Your assignment.
Find how many lines below mention "Shirt". Nothing but the number is needed.

The data.
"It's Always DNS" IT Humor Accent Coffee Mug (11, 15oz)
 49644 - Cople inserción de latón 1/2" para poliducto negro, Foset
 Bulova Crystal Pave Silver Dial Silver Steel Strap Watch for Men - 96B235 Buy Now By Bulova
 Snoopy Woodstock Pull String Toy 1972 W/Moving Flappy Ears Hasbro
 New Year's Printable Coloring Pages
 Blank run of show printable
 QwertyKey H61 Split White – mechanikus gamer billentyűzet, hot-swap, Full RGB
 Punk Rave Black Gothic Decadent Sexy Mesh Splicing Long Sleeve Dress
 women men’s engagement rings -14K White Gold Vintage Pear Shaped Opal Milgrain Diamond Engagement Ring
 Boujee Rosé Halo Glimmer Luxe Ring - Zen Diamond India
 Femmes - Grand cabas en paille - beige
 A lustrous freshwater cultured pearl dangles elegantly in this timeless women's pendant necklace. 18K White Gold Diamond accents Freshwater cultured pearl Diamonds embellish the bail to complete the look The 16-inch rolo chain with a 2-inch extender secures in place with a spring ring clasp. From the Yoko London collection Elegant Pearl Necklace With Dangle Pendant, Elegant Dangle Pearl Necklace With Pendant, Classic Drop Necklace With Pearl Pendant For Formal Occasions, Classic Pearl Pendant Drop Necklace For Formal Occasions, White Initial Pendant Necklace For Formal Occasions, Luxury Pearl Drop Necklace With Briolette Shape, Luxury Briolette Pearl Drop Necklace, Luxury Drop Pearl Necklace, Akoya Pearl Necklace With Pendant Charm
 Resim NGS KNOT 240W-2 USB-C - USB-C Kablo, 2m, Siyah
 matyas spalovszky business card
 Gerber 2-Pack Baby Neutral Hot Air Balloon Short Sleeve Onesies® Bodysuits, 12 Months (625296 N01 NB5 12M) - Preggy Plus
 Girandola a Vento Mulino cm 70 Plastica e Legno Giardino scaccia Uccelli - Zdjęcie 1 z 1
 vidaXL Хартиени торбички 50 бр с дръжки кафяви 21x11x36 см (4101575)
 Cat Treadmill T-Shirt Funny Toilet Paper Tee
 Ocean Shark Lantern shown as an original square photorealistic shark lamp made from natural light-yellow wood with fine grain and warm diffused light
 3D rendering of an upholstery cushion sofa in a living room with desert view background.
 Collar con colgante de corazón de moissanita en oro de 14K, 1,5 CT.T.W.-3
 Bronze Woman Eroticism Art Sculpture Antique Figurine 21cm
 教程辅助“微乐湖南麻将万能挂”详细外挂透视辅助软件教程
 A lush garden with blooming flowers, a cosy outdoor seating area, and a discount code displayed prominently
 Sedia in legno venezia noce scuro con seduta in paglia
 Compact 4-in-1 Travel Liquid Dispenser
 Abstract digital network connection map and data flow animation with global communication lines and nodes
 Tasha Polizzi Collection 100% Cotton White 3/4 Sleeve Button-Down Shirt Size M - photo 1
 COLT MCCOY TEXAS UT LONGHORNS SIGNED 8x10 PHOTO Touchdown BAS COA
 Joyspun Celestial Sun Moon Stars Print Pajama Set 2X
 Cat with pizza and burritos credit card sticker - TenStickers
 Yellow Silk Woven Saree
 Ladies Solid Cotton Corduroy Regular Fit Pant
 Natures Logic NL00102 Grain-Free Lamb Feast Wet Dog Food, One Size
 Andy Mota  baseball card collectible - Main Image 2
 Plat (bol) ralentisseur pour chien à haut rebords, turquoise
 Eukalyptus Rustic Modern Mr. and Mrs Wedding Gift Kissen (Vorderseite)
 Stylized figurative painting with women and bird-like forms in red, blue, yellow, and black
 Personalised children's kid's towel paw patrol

Completed task.
2